REKANBOLA  —  Warga Kecamatan Sumur, Kabupaten Pandeglang kembali dibuat panik. Semua orang berlarian berusaha melarikan diri ke lokasi lebih tinggi karena mendengar informasi air laut naik.

Bahkan dalam video yang beredar di media sosial, terlihat ratusan warga yang sedang menghadiri perayaan kenaikan kelas anak-anaknya di SDN Sumberjaya, Kecamatan Sumur, Pandeglang, berhamburan dan lari saat mendengar isu tsunami.

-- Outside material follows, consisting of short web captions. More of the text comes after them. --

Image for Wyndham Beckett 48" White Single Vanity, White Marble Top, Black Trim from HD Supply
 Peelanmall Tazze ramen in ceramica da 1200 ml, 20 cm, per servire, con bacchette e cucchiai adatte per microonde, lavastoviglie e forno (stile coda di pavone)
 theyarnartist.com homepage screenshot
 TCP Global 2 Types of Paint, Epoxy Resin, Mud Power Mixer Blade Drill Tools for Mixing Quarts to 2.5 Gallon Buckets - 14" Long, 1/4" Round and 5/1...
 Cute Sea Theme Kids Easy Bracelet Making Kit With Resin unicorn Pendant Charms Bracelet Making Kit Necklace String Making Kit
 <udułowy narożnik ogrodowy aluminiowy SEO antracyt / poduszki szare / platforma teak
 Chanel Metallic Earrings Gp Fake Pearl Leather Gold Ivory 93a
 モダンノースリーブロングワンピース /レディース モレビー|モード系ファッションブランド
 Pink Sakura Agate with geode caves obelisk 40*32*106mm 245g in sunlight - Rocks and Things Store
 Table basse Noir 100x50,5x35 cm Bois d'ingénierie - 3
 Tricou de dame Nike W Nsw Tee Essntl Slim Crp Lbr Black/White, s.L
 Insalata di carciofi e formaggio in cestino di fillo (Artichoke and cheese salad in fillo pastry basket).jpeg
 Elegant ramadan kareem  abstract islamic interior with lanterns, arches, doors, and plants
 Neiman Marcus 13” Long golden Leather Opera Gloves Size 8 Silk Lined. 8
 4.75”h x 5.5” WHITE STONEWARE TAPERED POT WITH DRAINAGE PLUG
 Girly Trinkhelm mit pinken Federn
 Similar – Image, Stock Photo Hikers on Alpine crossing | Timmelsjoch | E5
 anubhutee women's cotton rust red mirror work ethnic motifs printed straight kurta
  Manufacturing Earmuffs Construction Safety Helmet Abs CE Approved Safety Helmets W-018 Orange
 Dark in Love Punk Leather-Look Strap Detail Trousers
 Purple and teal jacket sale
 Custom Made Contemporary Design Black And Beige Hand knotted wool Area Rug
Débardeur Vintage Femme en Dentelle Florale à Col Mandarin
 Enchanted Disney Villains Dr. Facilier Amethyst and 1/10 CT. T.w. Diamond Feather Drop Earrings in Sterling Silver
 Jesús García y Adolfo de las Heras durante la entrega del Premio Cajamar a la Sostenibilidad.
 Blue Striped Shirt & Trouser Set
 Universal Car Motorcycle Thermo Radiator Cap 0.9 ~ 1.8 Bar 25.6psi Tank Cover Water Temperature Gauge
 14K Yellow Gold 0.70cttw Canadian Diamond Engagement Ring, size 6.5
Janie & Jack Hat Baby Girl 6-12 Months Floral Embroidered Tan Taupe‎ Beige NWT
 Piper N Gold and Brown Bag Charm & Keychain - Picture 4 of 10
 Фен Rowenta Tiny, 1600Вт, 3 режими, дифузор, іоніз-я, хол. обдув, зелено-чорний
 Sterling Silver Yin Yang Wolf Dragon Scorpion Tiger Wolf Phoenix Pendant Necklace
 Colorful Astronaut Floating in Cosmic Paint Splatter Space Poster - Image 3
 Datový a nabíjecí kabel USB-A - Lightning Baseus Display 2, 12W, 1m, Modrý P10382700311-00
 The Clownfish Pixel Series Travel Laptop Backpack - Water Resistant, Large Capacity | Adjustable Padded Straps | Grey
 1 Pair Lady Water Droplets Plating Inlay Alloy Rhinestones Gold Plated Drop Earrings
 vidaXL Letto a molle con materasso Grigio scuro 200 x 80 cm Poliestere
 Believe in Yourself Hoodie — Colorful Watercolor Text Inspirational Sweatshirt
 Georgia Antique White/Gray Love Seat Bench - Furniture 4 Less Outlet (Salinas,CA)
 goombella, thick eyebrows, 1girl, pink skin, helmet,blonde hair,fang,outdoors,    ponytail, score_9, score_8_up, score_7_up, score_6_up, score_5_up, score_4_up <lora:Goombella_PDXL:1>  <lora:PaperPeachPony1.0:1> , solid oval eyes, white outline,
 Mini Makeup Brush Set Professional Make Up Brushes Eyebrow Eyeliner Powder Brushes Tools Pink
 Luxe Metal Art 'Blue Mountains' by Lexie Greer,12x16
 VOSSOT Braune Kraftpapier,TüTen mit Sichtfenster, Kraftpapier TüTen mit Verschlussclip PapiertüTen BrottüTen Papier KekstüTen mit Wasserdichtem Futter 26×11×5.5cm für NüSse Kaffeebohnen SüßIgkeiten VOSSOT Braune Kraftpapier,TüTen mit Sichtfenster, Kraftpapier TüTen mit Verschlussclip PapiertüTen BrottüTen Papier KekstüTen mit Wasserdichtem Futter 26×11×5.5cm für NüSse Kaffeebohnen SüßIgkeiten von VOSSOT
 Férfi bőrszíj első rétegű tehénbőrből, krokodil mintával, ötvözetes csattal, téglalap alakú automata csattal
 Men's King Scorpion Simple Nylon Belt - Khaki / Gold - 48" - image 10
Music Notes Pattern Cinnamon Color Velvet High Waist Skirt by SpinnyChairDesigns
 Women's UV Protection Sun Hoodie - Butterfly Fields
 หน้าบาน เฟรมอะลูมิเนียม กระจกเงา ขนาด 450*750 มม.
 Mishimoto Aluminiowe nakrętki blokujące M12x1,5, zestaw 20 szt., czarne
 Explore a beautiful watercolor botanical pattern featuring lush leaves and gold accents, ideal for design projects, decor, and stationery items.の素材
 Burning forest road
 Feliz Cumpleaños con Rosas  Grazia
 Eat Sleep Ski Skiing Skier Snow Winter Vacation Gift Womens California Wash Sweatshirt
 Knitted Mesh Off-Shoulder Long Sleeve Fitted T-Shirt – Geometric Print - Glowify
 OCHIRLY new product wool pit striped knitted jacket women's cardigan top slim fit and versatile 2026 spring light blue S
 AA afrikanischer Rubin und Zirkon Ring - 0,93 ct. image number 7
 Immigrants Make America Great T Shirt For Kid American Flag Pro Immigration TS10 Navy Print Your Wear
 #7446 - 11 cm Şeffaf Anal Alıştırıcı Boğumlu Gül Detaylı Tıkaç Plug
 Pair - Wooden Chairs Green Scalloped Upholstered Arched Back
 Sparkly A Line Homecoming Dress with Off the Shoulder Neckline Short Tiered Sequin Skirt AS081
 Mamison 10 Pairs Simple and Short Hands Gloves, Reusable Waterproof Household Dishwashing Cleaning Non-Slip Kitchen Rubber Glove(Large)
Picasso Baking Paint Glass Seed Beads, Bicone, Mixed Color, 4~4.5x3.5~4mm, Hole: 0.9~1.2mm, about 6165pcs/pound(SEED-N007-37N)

Saat dikonfirmasi, Camat Sumur Endin mengatakan, kabar air laut naik tersebut adalah bohong. Lanjut Endin, memang saat mendengar informasi tersebut warga Sumur sempat berlarian menyelamatkan diri. Kejadian tersebut terjadi pada Minggu (23/6) kemarin.

“Air laut memang sempat mengalami pasang. Akan tetapi hal itu dianggap wajar, karena dampak dari arus angin Selatan,” kata Endin saat dikonfirmasi, Senin (24/6).

Endin menyampaikan, setelah terjadi bencana tsunami selat sunda pada 22 Desember 2018 yang menerjang Kecamatan Sumur dan beberapa daerah pesisir di Pandeglang, sebagian warga masih merasa trauma ketika mendengar air laut naik. Akibat bencana tersebut ribuan bangunan dan empat ratus lebih orang meninggal dunia.

“Memang warga saat ini juga masih panik, wajarlah pasca tsunami,” katanya.

Sementara Kepala Badan Penanggulangan Bencana Daerah (BPBD) Pandeglang Deni mengatakan, memang saat ini air laut di perairan selat sunda sedang pasang, namun ombak tidak sampai naik.

“Saya kemarin di Tamanjaya, bahkan ke pulau peucang gak ada ombak besar. kalau arus air lautnya deras karena anginnya cukup kencang di laut,” katanya.